_Problem to work on_
Copy every line below precisely as it appears.

_Material for this task_
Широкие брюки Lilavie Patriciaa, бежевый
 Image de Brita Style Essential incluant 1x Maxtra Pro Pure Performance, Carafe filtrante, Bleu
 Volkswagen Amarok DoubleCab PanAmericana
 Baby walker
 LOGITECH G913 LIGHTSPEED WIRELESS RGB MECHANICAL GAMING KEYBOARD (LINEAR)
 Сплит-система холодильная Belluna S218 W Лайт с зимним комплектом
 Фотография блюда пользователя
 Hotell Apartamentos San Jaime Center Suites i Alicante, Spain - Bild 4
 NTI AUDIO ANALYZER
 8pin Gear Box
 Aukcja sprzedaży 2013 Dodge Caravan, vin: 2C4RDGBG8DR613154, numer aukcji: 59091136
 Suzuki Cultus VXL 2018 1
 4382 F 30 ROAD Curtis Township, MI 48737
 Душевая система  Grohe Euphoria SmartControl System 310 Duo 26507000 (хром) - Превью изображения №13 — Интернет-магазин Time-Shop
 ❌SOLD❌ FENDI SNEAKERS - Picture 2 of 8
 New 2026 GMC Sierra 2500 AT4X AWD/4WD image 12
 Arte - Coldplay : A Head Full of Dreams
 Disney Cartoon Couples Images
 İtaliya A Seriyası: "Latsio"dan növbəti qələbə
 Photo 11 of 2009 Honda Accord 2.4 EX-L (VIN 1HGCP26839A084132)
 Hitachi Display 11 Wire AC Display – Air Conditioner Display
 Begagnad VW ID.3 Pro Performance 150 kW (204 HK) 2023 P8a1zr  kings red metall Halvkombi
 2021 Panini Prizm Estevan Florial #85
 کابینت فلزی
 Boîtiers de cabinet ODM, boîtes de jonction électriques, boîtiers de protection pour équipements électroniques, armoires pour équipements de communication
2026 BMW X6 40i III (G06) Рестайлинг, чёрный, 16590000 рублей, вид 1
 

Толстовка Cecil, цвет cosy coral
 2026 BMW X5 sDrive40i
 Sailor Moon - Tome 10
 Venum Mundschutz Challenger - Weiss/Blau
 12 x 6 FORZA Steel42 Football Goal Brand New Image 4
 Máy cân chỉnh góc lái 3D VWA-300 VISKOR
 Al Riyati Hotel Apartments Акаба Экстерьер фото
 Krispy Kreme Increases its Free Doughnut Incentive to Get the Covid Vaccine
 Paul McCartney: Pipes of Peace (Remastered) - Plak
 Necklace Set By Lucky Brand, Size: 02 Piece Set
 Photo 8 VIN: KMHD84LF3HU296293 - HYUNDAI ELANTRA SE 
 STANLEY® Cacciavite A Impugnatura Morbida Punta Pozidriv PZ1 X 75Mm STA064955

_Answer to this task_
Широкие брюки Lilavie Patriciaa, бежевый
 Image de Brita Style Essential incluant 1x Maxtra Pro Pure Performance, Carafe filtrante, Bleu
 Volkswagen Amarok DoubleCab PanAmericana
 Baby walker
 LOGITECH G913 LIGHTSPEED WIRELESS RGB MECHANICAL GAMING KEYBOARD (LINEAR)
 Сплит-система холодильная Belluna S218 W Лайт с зимним комплектом
 Фотография блюда пользователя
 Hotell Apartamentos San Jaime Center Suites i Alicante, Spain - Bild 4
 NTI AUDIO ANALYZER
 8pin Gear Box
 Aukcja sprzedaży 2013 Dodge Caravan, vin: 2C4RDGBG8DR613154, numer aukcji: 59091136
 Suzuki Cultus VXL 2018 1
 4382 F 30 ROAD Curtis Township, MI 48737
 Душевая система  Grohe Euphoria SmartControl System 310 Duo 26507000 (хром) - Превью изображения №13 — Интернет-магазин Time-Shop
 ❌SOLD❌ FENDI SNEAKERS - Picture 2 of 8
 New 2026 GMC Sierra 2500 AT4X AWD/4WD image 12
 Arte - Coldplay : A Head Full of Dreams
 Disney Cartoon Couples Images
 İtaliya A Seriyası: "Latsio"dan növbəti qələbə
 Photo 11 of 2009 Honda Accord 2.4 EX-L (VIN 1HGCP26839A084132)
 Hitachi Display 11 Wire AC Display – Air Conditioner Display
 Begagnad VW ID.3 Pro Performance 150 kW (204 HK) 2023 P8a1zr  kings red metall Halvkombi
 2021 Panini Prizm Estevan Florial #85
 کابینت فلزی
 Boîtiers de cabinet ODM, boîtes de jonction électriques, boîtiers de protection pour équipements électroniques, armoires pour équipements de communication
2026 BMW X6 40i III (G06) Рестайлинг, чёрный, 16590000 рублей, вид 1
 

Толстовка Cecil, цвет cosy coral
 2026 BMW X5 sDrive40i
 Sailor Moon - Tome 10
 Venum Mundschutz Challenger - Weiss/Blau
 12 x 6 FORZA Steel42 Football Goal Brand New Image 4
 Máy cân chỉnh góc lái 3D VWA-300 VISKOR
 Al Riyati Hotel Apartments Акаба Экстерьер фото
 Krispy Kreme Increases its Free Doughnut Incentive to Get the Covid Vaccine
 Paul McCartney: Pipes of Peace (Remastered) - Plak
 Necklace Set By Lucky Brand, Size: 02 Piece Set
 Photo 8 VIN: KMHD84LF3HU296293 - HYUNDAI ELANTRA SE 
 STANLEY® Cacciavite A Impugnatura Morbida Punta Pozidriv PZ1 X 75Mm STA064955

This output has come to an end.